Les Vingt-Sept se prononceront le 13 octobre sur la proposition de la Commission de reconduire pour dix ans dans l’UE l’autorisation de cet herbicide soupçonné d’être cancérigène mais pour lequel le régulateur européen n’a identifié aucun niveau de risque justifiant l’interdiction.
Jusqu’ici, le Luxembourg est le seul pays européen à avoir banni la commercialisation du glyphosate, à partir de janvier 2021, avant que la justice du Grand-Duché ne lève en avril dernier cette interdiction jugée contraire aux règles de l’UE, qui l’autorisait jusqu’en décembre 2023.
[À lire aussi Glyphosate: Bruxelles propose de renouveler pour 10 ans l’autorisation dans l’UE]
Pendant plus de deux ans, les agriculteurs luxembourgeois ont cependant dû apprendre à s’en passer: cela a souvent nécessité l’acquisition de nouvelles machines pour désherber mécaniquement, avec du temps de travail et des dépenses de carburant accrus –au total un coût multiplié par trois.
« Il faut passer avec les tracteurs 5 ou 6 fois, si c’est une année plus humide, pour que les mauvaises herbes ne poussent pas trop haut » entre les ceps, explique Roger Demuth, dont les vignes occupent des pentes vertigineuses près de la frontière allemande.
« Pour désherber un hectare de vigne avec ces brosses rotatives, on met facilement 4 heures, contre une heure avec le glyphosate (…) Sans matériel performant, vous pouvez compter vingt heures… », confirme son voisin vigneron Armand Schmit, dont les deux fils assurent ces nouvelles tâches. Leur domaine de 14 hectares était cependant passé au bio dès le millésime 2020.
[À lire aussi Les fourmis protègent mieux les cultures que les pesticides]

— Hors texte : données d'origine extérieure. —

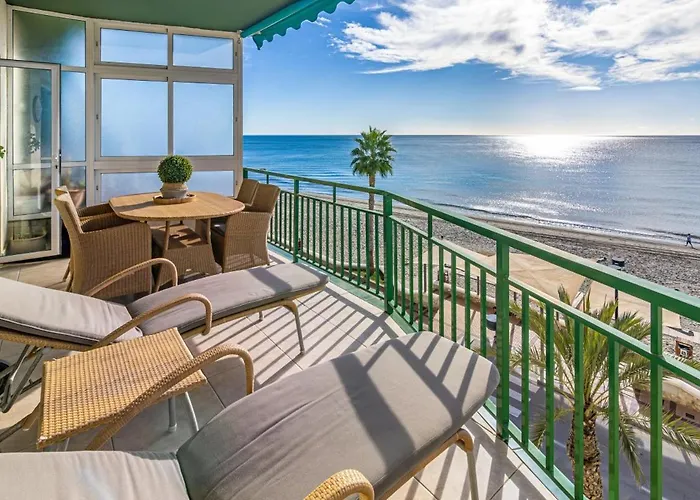 Cozy 2 Bedroom With Magic Sea View Lägenhet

D’autres viticulteurs réemploient aujourd’hui l’herbicide mais assurent avoir modifié leurs pratiques: « On essaye d’en utiliser le moins possible », insiste Roger Demuth.
« Image de marque »
Avant l’interdiction, le Luxembourg consommait 13,6 tonnes de glyphosate par an. Si les chiffres pour 2023 ne sont pas connus, sa réautorisation n’a pas entraîné de retour en grâce massif.
De fait, 80% des exploitations ont conclu avec le gouvernement des « contrats » de cinq ans, proposés dès 2019 et qui courent toujours, selon lesquels ils renoncent au glyphosate en échange de subventions (30 euros/hectare pour les terres arables, 100 euros pour l’arboriculture).
« Cela montre que le besoin de glyphosate n’était pas si crucial au Luxembourg, où dominent les fermes d’élevage », situation différente des grandes régions céréalières françaises par exemple, explique Christian Wester, éleveur laitier et président du syndicat majoritaire Centrale paysanne.
Lui-même, dont l’exploitation compte 400 bovins et 200 hectares pour moitié en cultures fourragères, a pourtant refusé un tel contrat, critiquant à l’unisson de son syndicat l’interdiction du glyphosate imposée aux agriculteurs « sans leur laisser le choix ».
Il pourrait de nouveau recourir « si nécessaire » à cet herbicide qui « permet de pulvériser 6 hectares en une heure », alors que pour désherber mécaniquement un champ, en retournant la terre avec charrue et tracteur, il faut jusqu’à une heure et demie par hectare.
« Certains réemploient le glyphosate, notamment sur des terrains en pente… D’un point de vue économique, aucune vraie alternative n’a été trouvée, les subventions proposées ne suffisent pas face au surcoût », souligne-t-il, tout en s’alarmant de voir le glyphosate, « bien connu depuis 50 ans », remplacé par « des produits nouveaux dont les effets à long terme ne sont pas étudiés ».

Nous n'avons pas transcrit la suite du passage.